Academic Evaluation Services (AES) is a global organization that provides evaluations of foreign academic credential and translation services. The organization is a member of the National Association of Credential Evaluation Services (NACES), the European Association for International Education (EAIE), and the NAFSA: Association of International Educators, formerly known as the National Association of Foreign Student Advisers.

==Background==
Founded in 2005, AES was created with a focus on foreign credential evaluations, international admissions, foreign student advising, university placement, and translations. AES is based in the United States, with its headquarters in Tampa, Florida. There are two receiving offices in New York City and Houston, Texas. The company provides services to clients all over the world in need of international credential evaluations for academic studies, employment, immigration, military and professional licensing. AES works with universities and institutions throughout the United States.

Credential evaluators such as AES determine the U.S. equivalency of foreign qualifications through document-by-document or course-by-course evaluations. U.S. Citizenship and Immigration Services officers, who are not academic specialists, may rely on such evaluations when adjudicating cases that involve foreign degrees.

International students have a substantial economic impact on the United States. NAFSA estimated their contribution at $18.8 billion for the 2009–2010 academic year, and at about $43.8 billion for the 2023–2024 academic year, when international students were reported to support more than 378,000 jobs. AES facilitates the evaluation of educational equivalencies that U.S. academic institutions, employers, professional licensing boards, immigration services, and the military rely on.

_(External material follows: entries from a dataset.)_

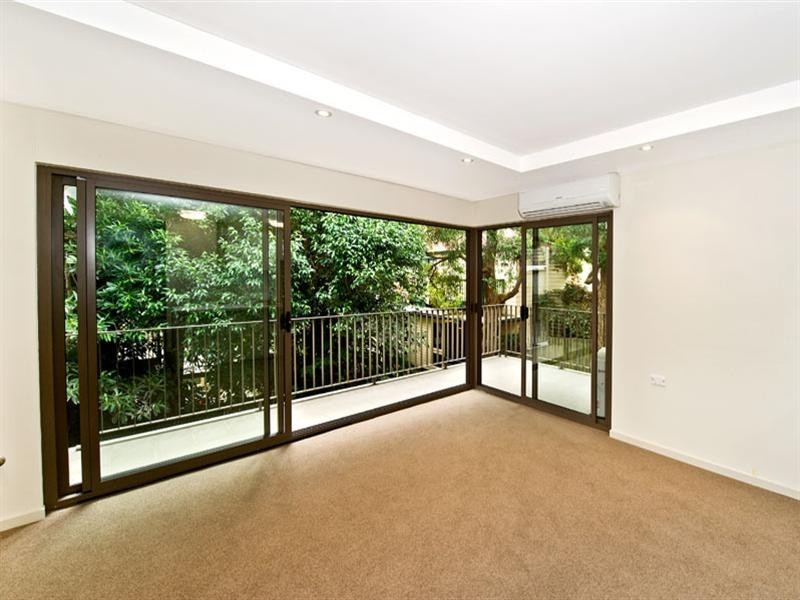 8/31-33 Botany Street, Bondi Junction NSW 2022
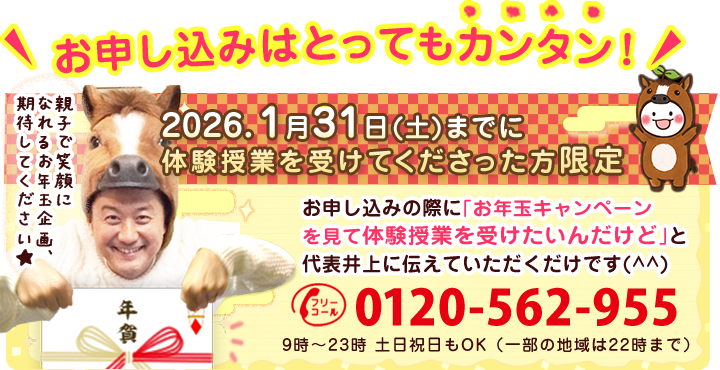 電話番号:0120562955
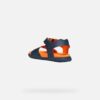 Sandaler Fusbetto Junior Sandaler Fusbetto Junior
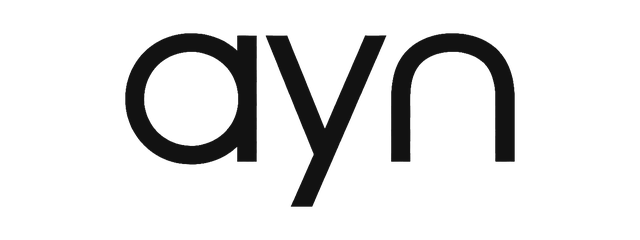 AYN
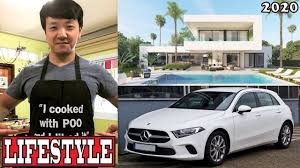 Learn about mike chen's age, height, weight, dating, wife, girlfriend & kids. Breaking News Mike Chen Injured During His Workout Biography 2020 Youtube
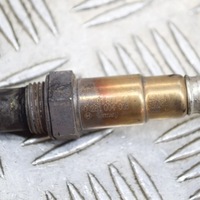 фото thumb №6, Bmw 4 f32 f33 2013 датчик лямбда-зонд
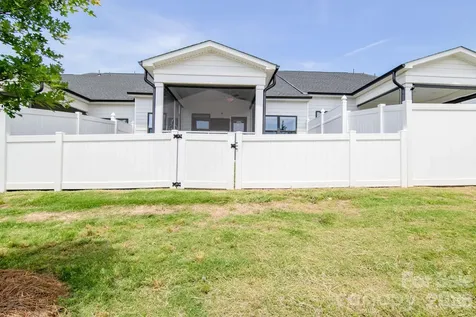 7019 Old Evergreen Parkway Indian Trail NC 28079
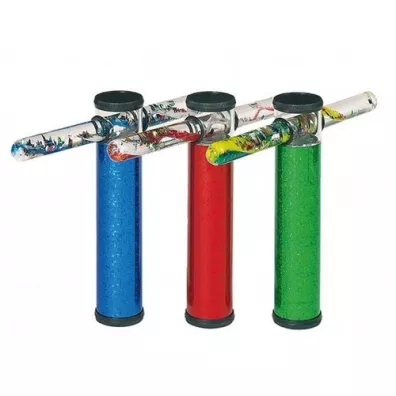 Kalejdoskop MOTION TUBE Goki 1szt.mix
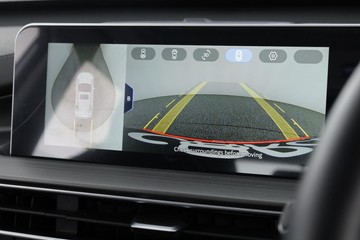 https://dvg-vehicle-assets.s3.amazonaws.com/C002464/2s4382eg5wlozmalq5ylltr28.jpg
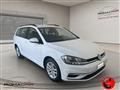 VOLKSWAGEN GOLF 2.0 TDI 5p. Executive BlueMotion Technology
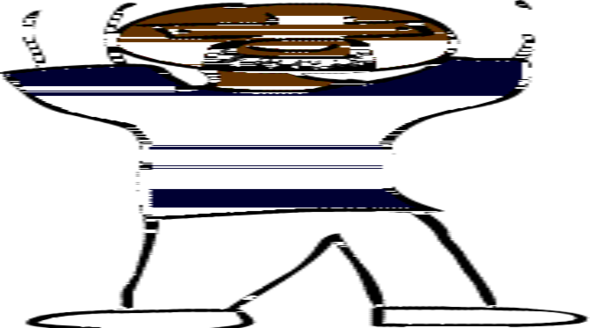1278336774-untitled-1.png.png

The mission of AES is to provide academic evaluation and translation services to foreign educated individuals so they may further their education and professional careers in the United States. Individuals who completed their education outside of the U.S. must have their credentials evaluated into U.S. academic equivalents so they can be recognized by U.S. educational institutions, employers, licensing and professional boards, immigration authorities, and the military. AES conducts thousands of evaluations annually for individuals from countries worldwide.